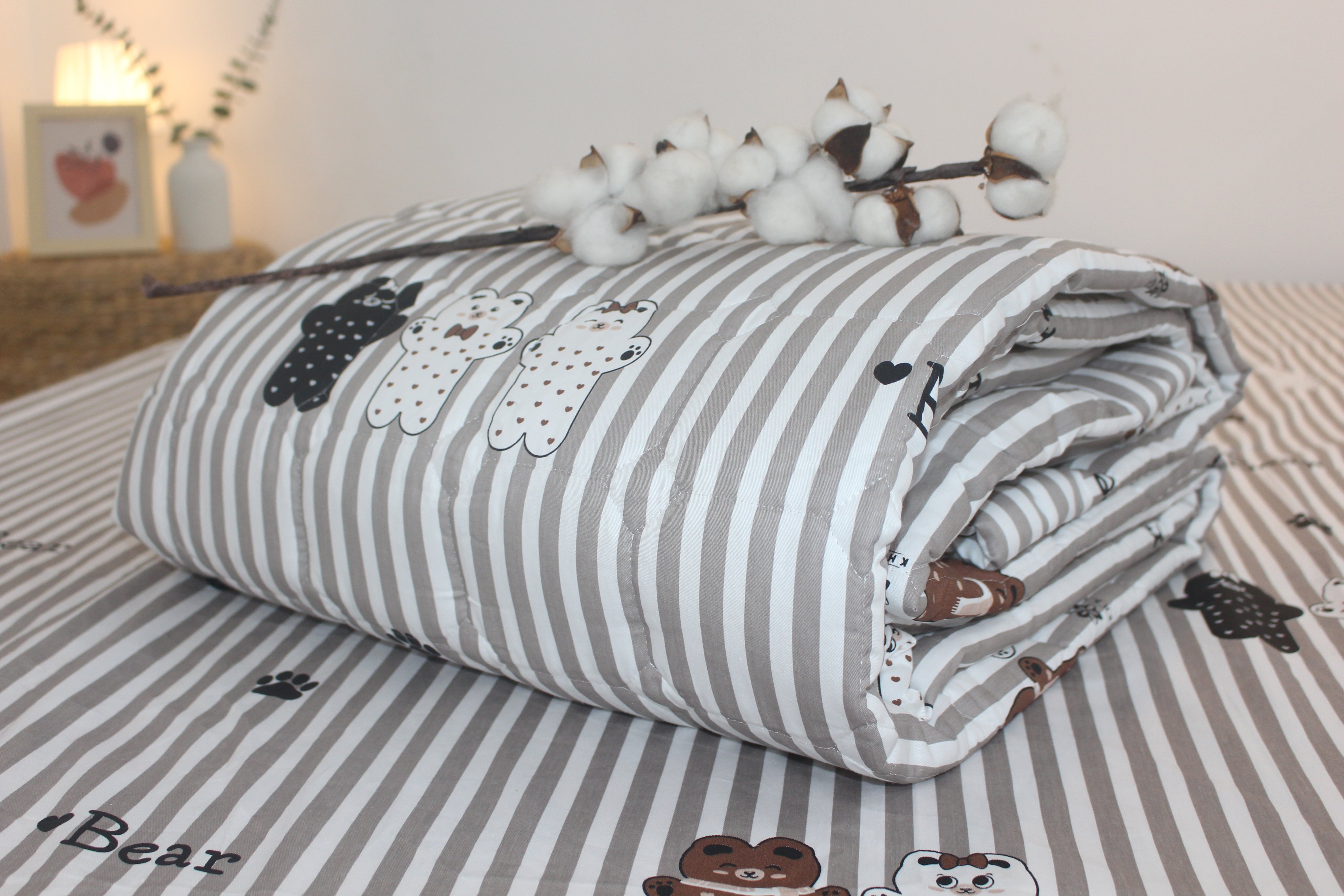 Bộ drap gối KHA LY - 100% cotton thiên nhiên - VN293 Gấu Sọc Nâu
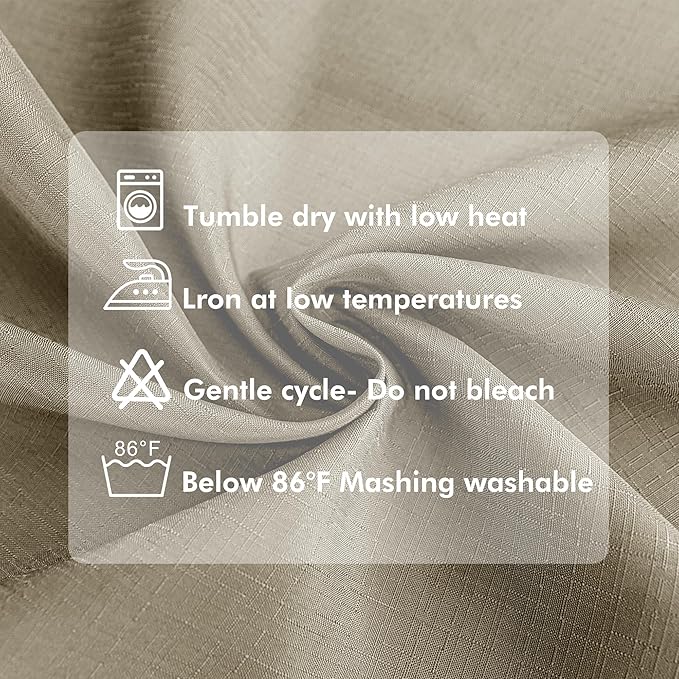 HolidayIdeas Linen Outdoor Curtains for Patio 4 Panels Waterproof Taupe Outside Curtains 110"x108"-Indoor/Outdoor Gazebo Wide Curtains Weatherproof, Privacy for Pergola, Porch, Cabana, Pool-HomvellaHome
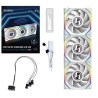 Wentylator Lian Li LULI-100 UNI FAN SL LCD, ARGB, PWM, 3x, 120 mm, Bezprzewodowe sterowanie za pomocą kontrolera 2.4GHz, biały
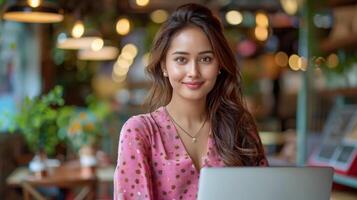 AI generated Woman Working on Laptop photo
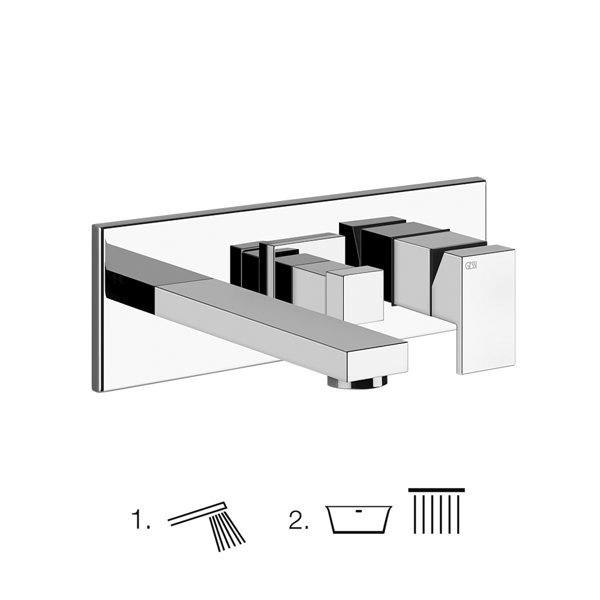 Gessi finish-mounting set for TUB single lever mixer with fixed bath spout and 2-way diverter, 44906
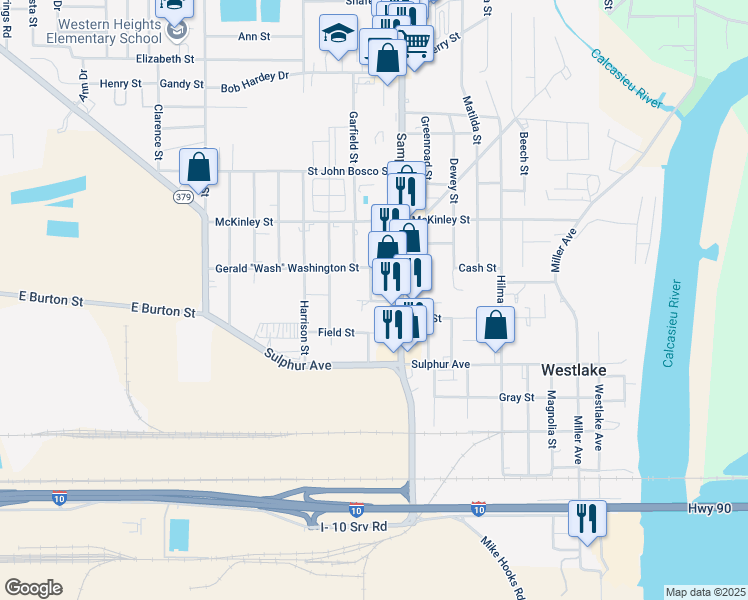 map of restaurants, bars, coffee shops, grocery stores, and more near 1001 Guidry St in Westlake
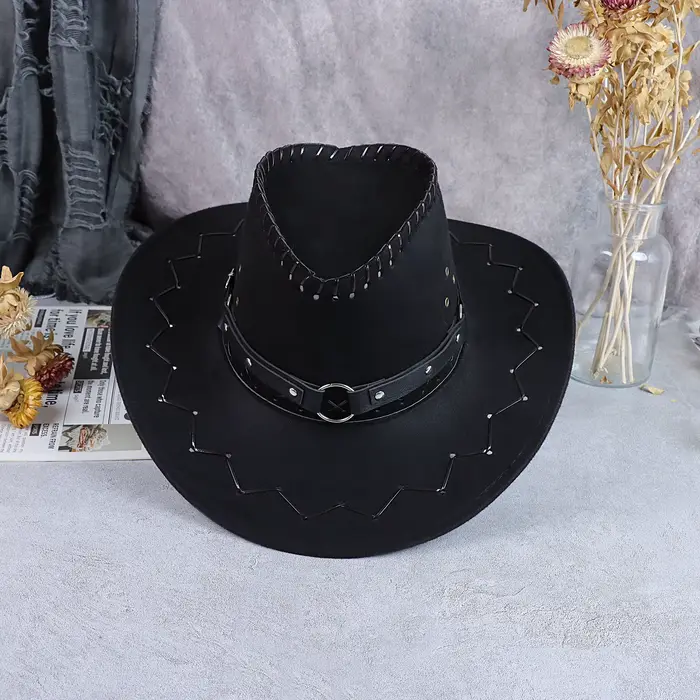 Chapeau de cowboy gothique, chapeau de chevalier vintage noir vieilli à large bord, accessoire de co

• [EXERCISE] Apart from the images, retype the full material exactly as written.

• [COMPLETED EXERCISE]
 Bộ drap gối KHA LY - 100% cotton thiên nhiên - VN293 Gấu Sọc Nâu
 HolidayIdeas Linen Outdoor Curtains for Patio 4 Panels Waterproof Taupe Outside Curtains 110"x108"-Indoor/Outdoor Gazebo Wide Curtains Weatherproof, Privacy for Pergola, Porch, Cabana, Pool-HomvellaHome
 Wentylator Lian Li LULI-100 UNI FAN SL LCD, ARGB, PWM, 3x, 120 mm, Bezprzewodowe sterowanie za pomocą kontrolera 2.4GHz, biały
 AI generated Woman Working on Laptop photo
 Gessi finish-mounting set for TUB single lever mixer with fixed bath spout and 2-way diverter, 44906
 map of restaurants, bars, coffee shops, grocery stores, and more near 1001 Guidry St in Westlake
 Chapeau de cowboy gothique, chapeau de chevalier vintage noir vieilli à large bord, accessoire de co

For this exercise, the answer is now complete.